Рядом с Шурой возник невысокий человек, совсем молоденький, но вида очень важного, чтобы не сказать заносчивого. Этакий джентльмен в костюме и галстуке, причём на галстуке – красочное изображение некоего джентльмена, также одетого в костюм и галстук. Последнее обстоятельство настолько поразило Подлесного, что он на мгновение даже позабыл о щекотливости положения, в котором сейчас пребывал. К тому же, ему показалось, что вошедший вслед за Шурой в комнату джентльмен и джентльмен, изображённый на галстуке, сильно похожи.
– Я не понимаю… – хозяйка квартиры оглянулась на своего спутника. – Я что-то не совсем понимаю… Ключи, говоришь, нашёл? Какие ключи?
– Я в подъезде нашёл ключи… Я говорю, что ключи нашёл в твоём подъезде и… В общем, я подумал – не твои ли это ключи, Шура? И решил попробовать…
Дмитрий слегка приободрился, обрадованный тем, что – неожиданно даже для самого себя – нашёлся, что сказать.
– Но мои ключи… Они при мне, мои ключи, – возразила Шура.
Дмитрий вскочил на ноги и быстро сунул руку в задний карман джинсов.
– А вот эти? Смотри. Разве это не твои ключи? – И протянул ей два соединённых металлическим кольцом ключа. – Один из них – от твоей квартиры.

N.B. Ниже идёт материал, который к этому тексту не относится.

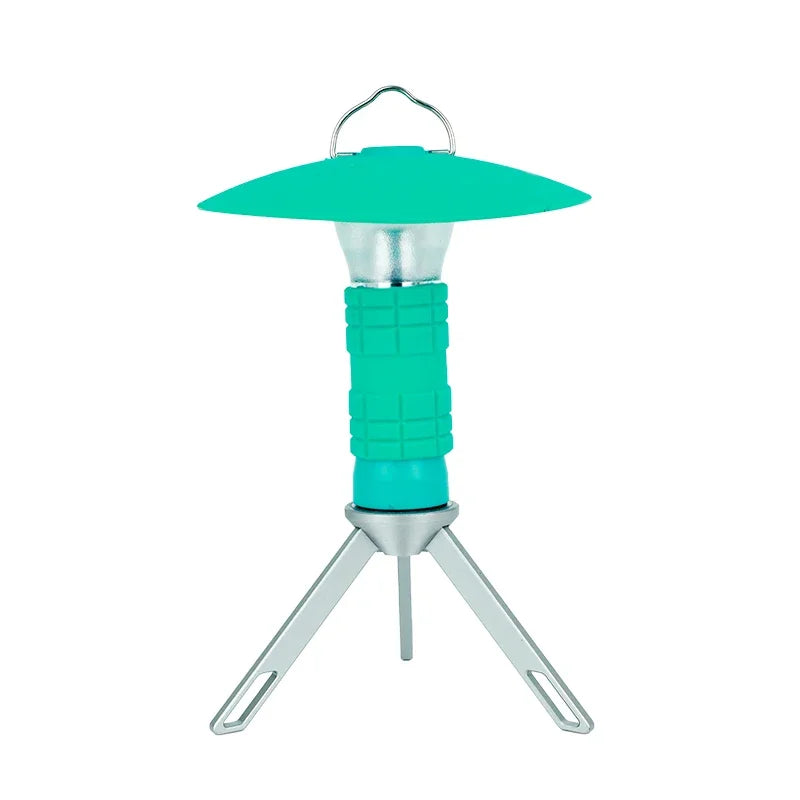 Schöne Camping Lampe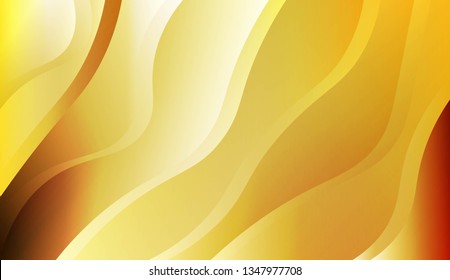Abstract Wavy Background. For Creative Templates, Cards, Color Covers Set. Vector Illustration.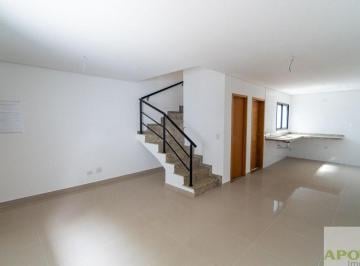 Casa · 90m² · 3 Quartos · 2 Vagas · Belíssimo Sobrado Novo com 03 dormitórios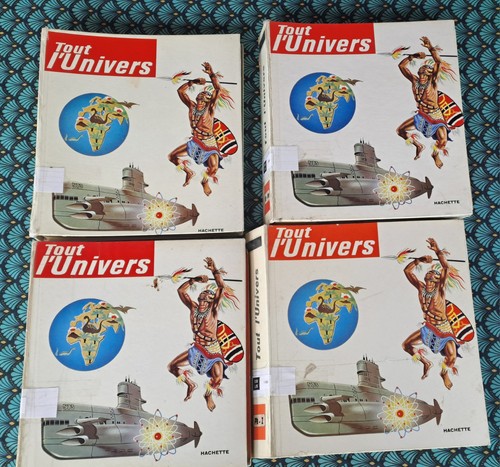 Lot des tomes du - 4,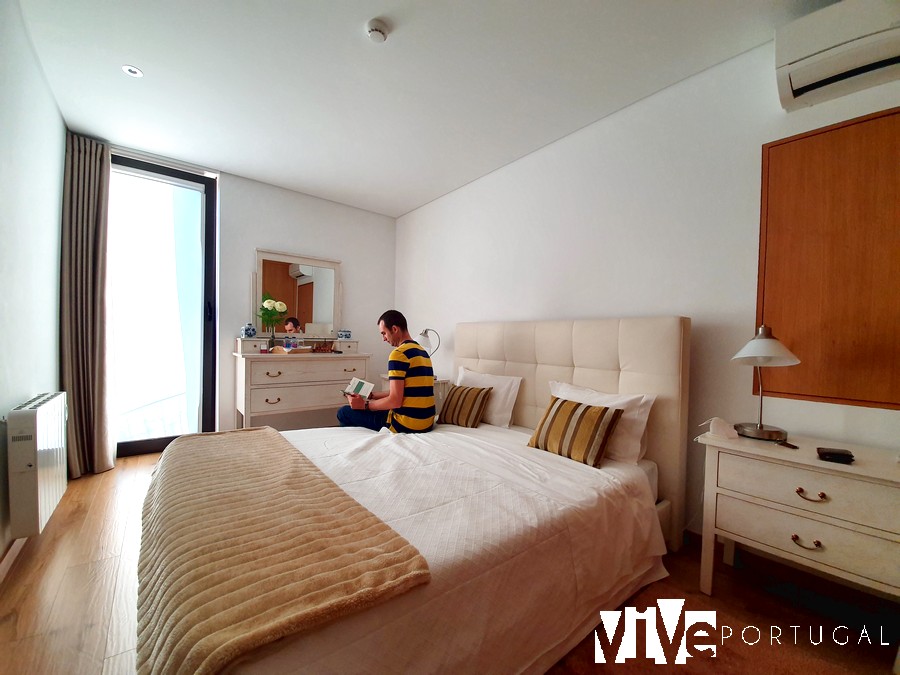Nuestra habitación en la Casa da Trigueira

Шура как-то заторможенно приняла от Дмитрия ключи и побрела к входной двери. Возвратившись, она сказала:
– Действительно, вот этот вот ключ подходит.
В разговор вступил молодой мужчина с поразившим Подлесного галстуком.
– Минуточку! Внесём ясность. Гражданка Уквасова, товарищ является вашим знакомым?
– Да, это мой знакомый, – подтвердила Шура.
– Вопрос второй. Передавали ли вы ему ключи от своей квартиры?
– Нет.
– Пойдём дальше. Вы теряли когда-нибудь ключи?
Задавая вопросы и выслушивая ответы, малорослый джентльмен, откинув голову назад, поглядывал то на Подлесного, то на Уквасову.
– Да нет, кажется, – продолжала отвечать на его вопросы Шура. – Да точно – нет.
– Так чьи же это ключи?
Шура подошла к серванту, открыла стеклянную дверцу и вынула раскрашенную под гжель вазочку, заглянула в неё.
– Ключ дочери на месте, Егор Палыч, – сообщила, оглянувшись на малорослого.
– Дочь или муж теряли когда-нибудь ключи? Кстати, вы, гражданин, когда и где нашли ключи? – повернулся к Дмитрию важный джентльмен по имени Егор Павлович.
– Сегодня. Вот только что, – соврал Дмитрий. – Они в подъезде валялись, около батареи.